In a charged afternoon plenary at the Kitui County Assembly on Wednesday , Speaker Kinengo ruled that the petitions—one calling for the impeachment of Mr. Kilonzo and the other seeking a motion of censure against Chief Officer for Finance and Revenue Mr. John Makau Kimwele both fronted by Reverend Musili Kauta , a human rights activists —failed to meet the constitutional and procedural threshold required for Assembly action. The petitions, filed on April 29 and May 6 respectively, accused the duo of a litany of serious allegations ranging from gross misconduct, financial misappropriation, obstruction of oversight, abuse of office, and misleading both the County Government and the public.

“The petitions in their current form do not meet the legal and procedural threshold required for consideration by this Assembly,” the Speaker ruled, citing Article 37 of the Constitution and Section 15 of the County Governments Act, 2012. Kinengo further clarified that the Assembly does not have the authority to discipline or remove a Chief Officer from office, effectively shielding Mr. Kimwele from any legislative consequences.
But for Peter Mwikya Kilonzo, this is far from his first close shave. Back in December 2024, a previous attempt to impeach him collapsed spectacularly on the Assembly floor when a motion filed by Hon.

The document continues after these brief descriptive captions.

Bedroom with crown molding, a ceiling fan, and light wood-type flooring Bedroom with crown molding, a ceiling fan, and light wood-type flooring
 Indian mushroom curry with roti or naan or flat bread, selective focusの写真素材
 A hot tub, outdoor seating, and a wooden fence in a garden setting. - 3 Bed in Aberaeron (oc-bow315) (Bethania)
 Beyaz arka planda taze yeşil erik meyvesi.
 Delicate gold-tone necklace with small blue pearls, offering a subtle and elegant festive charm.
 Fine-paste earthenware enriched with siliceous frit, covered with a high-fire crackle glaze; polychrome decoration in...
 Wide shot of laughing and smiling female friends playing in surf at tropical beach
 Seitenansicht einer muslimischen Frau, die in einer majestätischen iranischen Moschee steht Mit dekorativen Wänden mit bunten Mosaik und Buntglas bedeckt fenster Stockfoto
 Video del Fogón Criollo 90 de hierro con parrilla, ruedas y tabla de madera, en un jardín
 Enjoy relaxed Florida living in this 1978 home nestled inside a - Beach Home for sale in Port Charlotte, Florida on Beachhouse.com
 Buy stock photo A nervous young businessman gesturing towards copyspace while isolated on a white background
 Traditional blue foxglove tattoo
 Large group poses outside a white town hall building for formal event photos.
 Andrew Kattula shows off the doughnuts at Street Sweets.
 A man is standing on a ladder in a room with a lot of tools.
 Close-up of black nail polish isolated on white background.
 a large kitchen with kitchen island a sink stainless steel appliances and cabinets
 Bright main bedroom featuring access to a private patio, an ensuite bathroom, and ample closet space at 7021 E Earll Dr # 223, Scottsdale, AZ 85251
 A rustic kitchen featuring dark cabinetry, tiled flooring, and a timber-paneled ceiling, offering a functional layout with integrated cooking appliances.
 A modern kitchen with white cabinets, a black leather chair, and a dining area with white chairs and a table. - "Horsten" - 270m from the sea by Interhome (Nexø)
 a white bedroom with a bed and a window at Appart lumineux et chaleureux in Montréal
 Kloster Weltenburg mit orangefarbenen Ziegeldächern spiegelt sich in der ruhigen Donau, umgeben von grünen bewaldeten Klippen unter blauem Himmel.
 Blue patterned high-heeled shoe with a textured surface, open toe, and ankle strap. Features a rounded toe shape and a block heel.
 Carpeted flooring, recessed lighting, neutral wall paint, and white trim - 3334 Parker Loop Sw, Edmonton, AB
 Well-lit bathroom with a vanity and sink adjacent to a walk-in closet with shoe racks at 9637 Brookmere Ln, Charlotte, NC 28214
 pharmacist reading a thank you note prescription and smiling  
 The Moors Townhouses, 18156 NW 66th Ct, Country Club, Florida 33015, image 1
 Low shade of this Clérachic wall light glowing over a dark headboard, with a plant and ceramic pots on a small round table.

Jeremiah Mutua Musee failed to secure a seconder, leading to its automatic withdrawal under Standing Order No. 54(1). That motion, although supported by at least 15 MCAs, could not advance due to this critical procedural gap.

The accusations were equally damning—ranging from violations of the Public Finance Management Act, misuse of public funds, to nepotistic borehole allocations allegedly benefiting the CECM’s relatives.
Observers at the time branded the failed motion a “political assassination attempt that fizzled out,” while others described it as a masterclass in procedural escape. Despite the gravity of the allegations, Kilonzo walked away politically unscathed—shielded not by innocence, critics say, but by institutional inertia and poorly executed legal attacks.

Now, with this latest petition dismissed on legal technicalities, the pattern seems to repeat. Twice in less than a year, efforts to hold the Finance boss accountable have collapsed—not due to lack of concern, but due to poorly constructed processes and a failure to secure airtight procedural compliance. Some sources close to the Assembly suggest that Kilonzo’s deep entrenchment within Kitui’s political and fiscal systems has made him a hard target to remove, with allies protecting him from within.
Nonetheless, proponents of accountability are not retreating. Insiders indicate that fresh efforts are underway to refile the petitions—this time with better legal structuring, more signatures, and a clearer path through the procedural maze of the Assembly.
For now, Peter Mwikya Kilonzo remains firmly in office—not because the allegations have vanished, but because the Assembly has once again failed to properly fire its political ammunition. Whether by strategy or incompetence, the result is the same: the Finance Minister is still standing.
But as political temperatures rise and frustrations within the public grow, the real question now looms—how long can he keep surviving?